A história do meu nascimento, que refiro no post “50 anos de Liberdade“, é relativa ao acesso à ficha médica das futuras mães, nomeadamente as que têm problemas graves de saúde.
Eu decidi nascer num domingo, ainda por cima de madrugada (pouco depois da 1:00). O meu pai levou a minha mãe para Coimbra no sábado (desconheço a que hora), e quando lá chegou, indicou que era necessário chamar o cardiologista de serviço (era o que tinham concordado em consultas prévias).
Recordo quem era a minha mãe: era a “miúda” a quem tinham diagnosticado uma miocardiopatia restritiva com 20 anos de idade, doença cardíaca essa que poderia significar a morte, tanto dela como minha (lembro que, na altura, em Portugal, a taxa de mortalidade à nascença era assustadora, tanto dos bebés como das mães que sofriam de condições médicas perigosas).
Mas eles só chamavam o cardiologista se estivesse escrito na ficha médica da grávida e a ficha médica da minha mãe estava juntamente com as fichas médicas de todas as grávidas, no seu local habitual: no arquivo. E o arquivo estava fechado à chave… E ninguém sabia onde é que estava a chave, porque era final de semana do mês de Agosto (o mês das férias de toda a gente) e provavelmente, seriam “más horas” para se estar a chatear alguém “só” porque uma futura mãe precisava de acompanhamento médico a nível cardíaco durante o parto, em que ter a sua ficha médica seria essencial para salvaguardar a sua saúde e vida.
Agora vou recordar o tempo em que estávamos: a Constituição tinha saído há relativamente pouco tempo, que garantia o acesso de todos os cidadãos aos cuidados da medicina. Ainda não existia o SNS (Sistema Nacional de Saúde – esse seria fundado por despacho cerca de um ano depois e sairia na legislação Portuguesa depois de mais um ano), mas o meu pai exigiu que houvesse acesso dos médicos à ficha médica da minha mãe, e exigiu que um cardiologista fosse assistir à minha mãe (e a mim) no meu nascimento, de modo a salvaguardar a nossa saúde.
Quem não conheceu o meu pai não consegue imaginar o chato que ele era quando queria uma coisa: ele quando queria e achava justo o que pedia, só parava quando a tinha.
Então ele pediu, como não teve o que pediu, exigiu, mesmo não tendo, começou a armar barraca até terem que ir acordar uma série de administrativos/as até chegarem ao/à que tinha a chave do arquivo, porque o responsável do arquivo estava de férias.

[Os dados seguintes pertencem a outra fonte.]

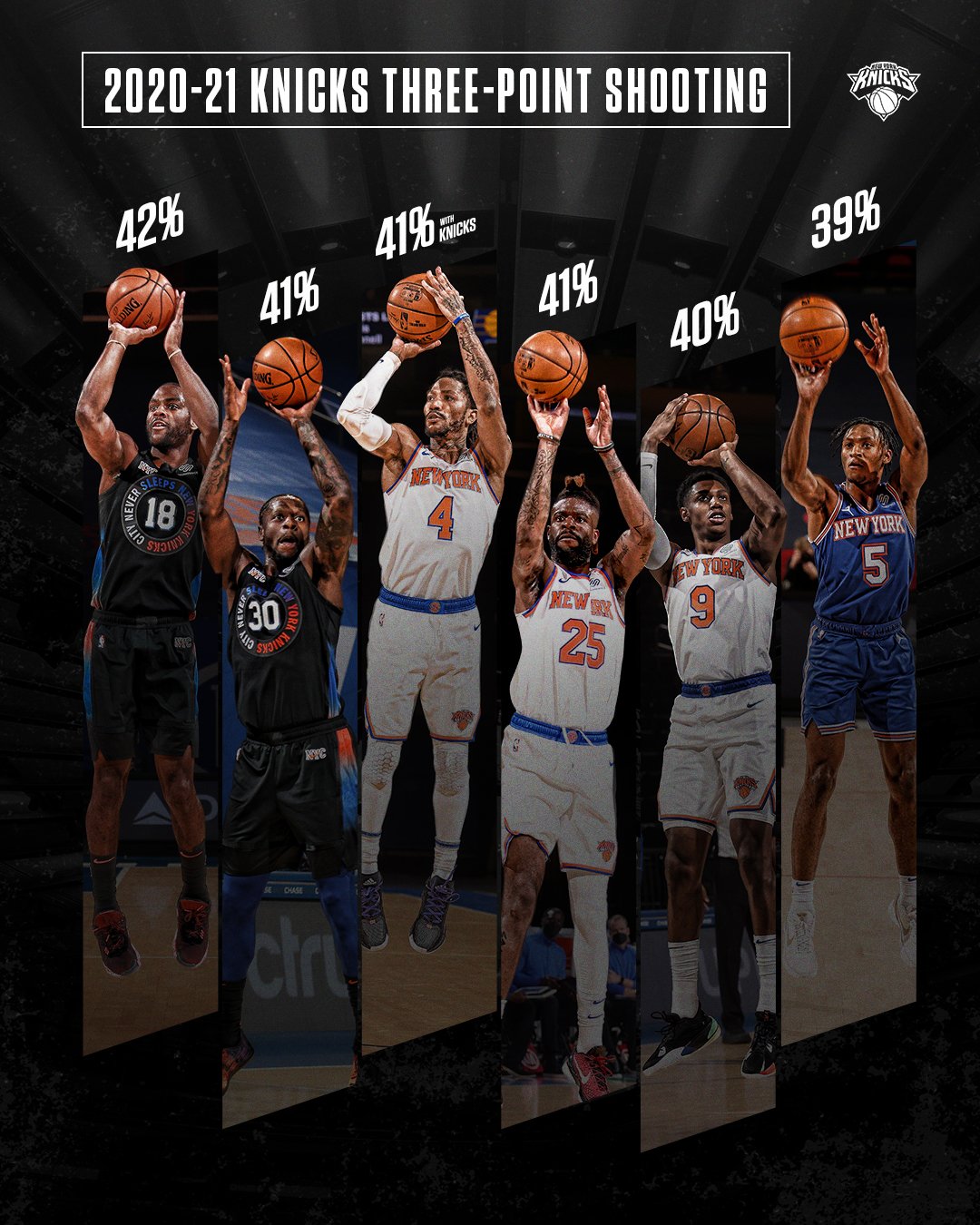 3PT-Stat_Knicks_1080x1350.jpg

E a minha mãe teve um parto em condições, com direito à sua ficha médica e à presença de um cardiologista!
Anos mais tarde, quando o meu pai já estava a trabalhar em Coimbra (teria eu cerca de 9 ou 10 anos), estava ele no internacional (um café muito “sui generis” virado para dentro) a beber um café quando é interpelado por um homem, que lhe perguntou se foi ele que exigiu um cardiologista e acesso ao arquivo num parto na Daniel de Matos (a maternidade). Quando ele disse que sim, que tinha sido ele, o médico sentou-se ao seu lado e contou-lhe a história toda: que a acção do meu pai teve tal repercussão naquela maternidade que no final desse ano já a chave do arquivo estava na sala dos médicos, e que esse facto tinha trazido muito sucesso nos partos mais críticos, para as mães que corriam mais riscos no parto. E que esse sistema, depois de implementado, tinha sido comunicado às restantes maternidades do país, que também o implementaram, pois afinal de contas, são os médicos que têm que ter acesso às fichas médicas dos doentes e mais ninguém.
Ainda me “lembro” dessa história, porque os relatos do meu pai eram tão extraordinários, que eu vi tudo isto a acontecer na minha cabeça: o meu pai a fazer a “sua cena” e pôr toda a maternidade em alvoroço, e depois, sentado no balcão do internacional a falar com esse médico, que aparentemente, teria sido “um dos”, ou “o” que me trouxe ao mundo (porque depois lhe perguntou “e como está a menina?”).
E pensar que se isso tivesse acontecido uns anos antes, o meu pai seria preso por exigir uma coisa que hoje é tão básica e fundamental, e que, dada a forte possibilidade da minha mãe ter morrido no parto, eu poderia não ter nascido sequer ou ter vivido uma vida sem a ter tido a mãe estupenda que tive, faz dar mais valor à liberdade que nos assiste…
Ter uns Pais fantásticos, faz toda a diferença num mundo que não está preparado para pessoas como nós.